We write to report a recent injury to free expression at UC Irvine law school, and to seek your support in enforcing our First Amendment rights. As our own dean, and as a nationally renowned scholar on these issues, we hope that you will embrace our mutual interest in protecting unfettered debate on our campus – especially when it comes to important and contested issues like Israel/Palestine.
On Monday, October 12, Aharon Barak, former Chief Justice of the Israeli Supreme Court delivered a lecture at UC Irvine titled “The Nature and Characteristic of Israel as a Jewish and Democratic State.” UC Irvine previously invited Barak in March 16, of this year as inaugural lecturer of the new “Judge Stephen Reinhardt and Ramona Ripston Lecture on Civil Rights and Civil Liberties,” a series of lectures meant to honor two people who have “fought for and preserved civil liberties for decades,” as “legendary advocates of civil liberty and justice.”
In our view, Aharon Barak could not be farther from an advocate for civil liberty and justice because, as Nimer Sultany writes in “The Legacy of Justice Aharon Barak: A Critical Review” for the Harvard International Law Journal, Barak has been complicit and in many times an active force in human rights violations in occupied Palestine. These include but are not limited to: confiscation of land and colonization; a system of de facto and de jure segregation; a refusal to indict ruthless Zionist dictators who have slaughtered innocent civilians; a military court system virtually immune from the Israeli Supreme Court’s intervention; a widespread and long-standing policy of house demolition; extrajudicial executions; detention – including administrative detention – of large numbers of Palestinians and inhumane conditions of incarceration and torture; the creation of the apartheid wall; and countless deportations.
When we raised our concerns with you in March in regards to Barak’s inaugural lecture, you replied that “A college campus should have a wide array of speakers and as long as I am dean, UCI Law School will continue to do so.” Oddly, the “wide array of speakers” includes the same individual invited to speak twice. But regardless of our disagreement over whether Barak should be given a platform to speak as a civil rights honoree, and regardless of our viewpoint of Barak’s actions as an Israeli supreme court justice, we hope you will agree that as UCI students, we have a right to listen to him speak and object to his ideas. UCI denied us this right.

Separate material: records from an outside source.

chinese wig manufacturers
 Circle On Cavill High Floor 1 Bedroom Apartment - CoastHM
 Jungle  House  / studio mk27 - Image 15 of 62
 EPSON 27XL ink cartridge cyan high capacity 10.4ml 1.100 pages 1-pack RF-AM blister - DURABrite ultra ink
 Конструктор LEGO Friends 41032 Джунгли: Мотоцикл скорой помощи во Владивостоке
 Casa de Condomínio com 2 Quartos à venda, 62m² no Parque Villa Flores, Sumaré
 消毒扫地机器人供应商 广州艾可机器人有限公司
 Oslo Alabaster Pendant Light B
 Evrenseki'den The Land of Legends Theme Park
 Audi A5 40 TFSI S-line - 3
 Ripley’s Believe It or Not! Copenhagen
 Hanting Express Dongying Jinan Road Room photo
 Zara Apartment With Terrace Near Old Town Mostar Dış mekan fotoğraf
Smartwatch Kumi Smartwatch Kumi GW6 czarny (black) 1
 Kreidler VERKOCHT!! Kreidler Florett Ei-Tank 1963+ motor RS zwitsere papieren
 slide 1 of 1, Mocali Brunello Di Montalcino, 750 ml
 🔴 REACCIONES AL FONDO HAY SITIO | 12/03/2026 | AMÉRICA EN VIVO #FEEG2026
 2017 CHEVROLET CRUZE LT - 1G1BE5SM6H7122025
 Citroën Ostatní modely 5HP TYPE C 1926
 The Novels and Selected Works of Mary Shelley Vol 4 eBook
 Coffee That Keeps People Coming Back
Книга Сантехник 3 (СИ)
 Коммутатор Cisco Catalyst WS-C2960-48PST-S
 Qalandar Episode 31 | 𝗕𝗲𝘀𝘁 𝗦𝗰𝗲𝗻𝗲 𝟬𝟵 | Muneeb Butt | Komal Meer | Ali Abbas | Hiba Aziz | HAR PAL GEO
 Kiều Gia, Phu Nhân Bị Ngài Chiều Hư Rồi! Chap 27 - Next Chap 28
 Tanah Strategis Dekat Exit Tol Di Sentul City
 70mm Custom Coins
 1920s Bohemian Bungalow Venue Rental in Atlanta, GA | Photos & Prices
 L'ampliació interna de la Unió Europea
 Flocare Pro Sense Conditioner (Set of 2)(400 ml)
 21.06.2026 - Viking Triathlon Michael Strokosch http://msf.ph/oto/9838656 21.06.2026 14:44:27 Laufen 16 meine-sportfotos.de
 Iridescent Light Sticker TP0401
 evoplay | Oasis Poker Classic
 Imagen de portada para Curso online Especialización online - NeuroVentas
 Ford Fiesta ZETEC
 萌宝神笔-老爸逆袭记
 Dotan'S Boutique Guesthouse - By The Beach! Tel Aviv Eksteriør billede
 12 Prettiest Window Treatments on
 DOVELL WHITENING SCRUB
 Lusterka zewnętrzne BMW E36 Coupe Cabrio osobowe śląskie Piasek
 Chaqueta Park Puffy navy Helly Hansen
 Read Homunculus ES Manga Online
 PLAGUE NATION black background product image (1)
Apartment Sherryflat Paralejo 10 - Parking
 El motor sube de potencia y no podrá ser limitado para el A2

At the March event, students who are part of “Irvine Divest” – a coalition of students who support divestment from Israel to enforce Israel’s obligations under international law – were present outside Barak’s lecture to distribute fliers. We were immediately met with police who demanded that we cease flyering and leave the event in order to avoid any conflict. The police illegally told us that we were not allowed to flyer, and ordered us to leave the premises. Due to heavy police presence we had no choice but to obey the police and leave the premise, fearing our safety.
At the October 12 event, we faced similar suppression. The event was initially advertised as a public event; for those who registered as well as a walk-in option available on a first come first serve basis. At 7 PM, a friend of our coalition who was not obviously identifiable as someone holding opposing views to Barak, approached the entrance to see if they were accepting walk-ins. The people staffing the entrance immediately allowed him to enter, and told him there were vacant seats. Obviously identifiable members of our group then proceeded to attempt to enter the event as unregistered walk-ins because there were empty seats but the staffers denied us entrance. The staffers took down the “walk-in” sign and informed us that there was no vacancy. However, we were able to observe through the window into the event venue that there were vacant seats. At around 7:15, about five UCIPD officers arrived, demanding to speak to the “leaders” of our group. The officer notified the students that there were no seats available at the event. But one of us personally took the police officer and showed him that there were, in fact, plenty of seats open. The officer then spoke to the event organizers and seemed to stall as long as possible, continuously telling us the staffers will go recount the number of vacant seats. When the officer finally allowed 6-9 of us into the event, it was 7:50, the event was ending, and people were leaving. As people walked out of the event, they shouted xenophobic, racist, and islamophobic remarks at us, such as, calling all the students “terrorists,” “Why don’t you bring knives next time?”, and “Why are you all in America?”. Meanwhile as students, we remained silent despite one man getting physically close to the students holding posters, while the police stood and watched, not taking action to protect students who felt their safety endangered.
As you know, the university is obligated under the First Amendment, and under basic pedagogical principles, to provide all students with equal access to the university’s resources, without discriminating based on viewpoint. Twice now, the university has denied us our First Amendment rights – – first the university denied us our right to express ideas in opposition to Justice Barak, and in the latter instance, the university denied us our right to attend the Barak lecture – based clearly on our viewpoint in opposition to his message. The chilling effect of this suppression runs deep in our community and has far reaching ripple effects to intimidate and silence those who wish to express support for Palestinian rights on our campus.
We ask you to uphold fundamental free speech rights. How do you plan to remedy the denial of our basic rights as students? Will you provide us a forum to express our opposition to Barak’s message? Will you make it clear to the UCI community that advocacy for Palestinian rights is a welcome contribution to the educational environment?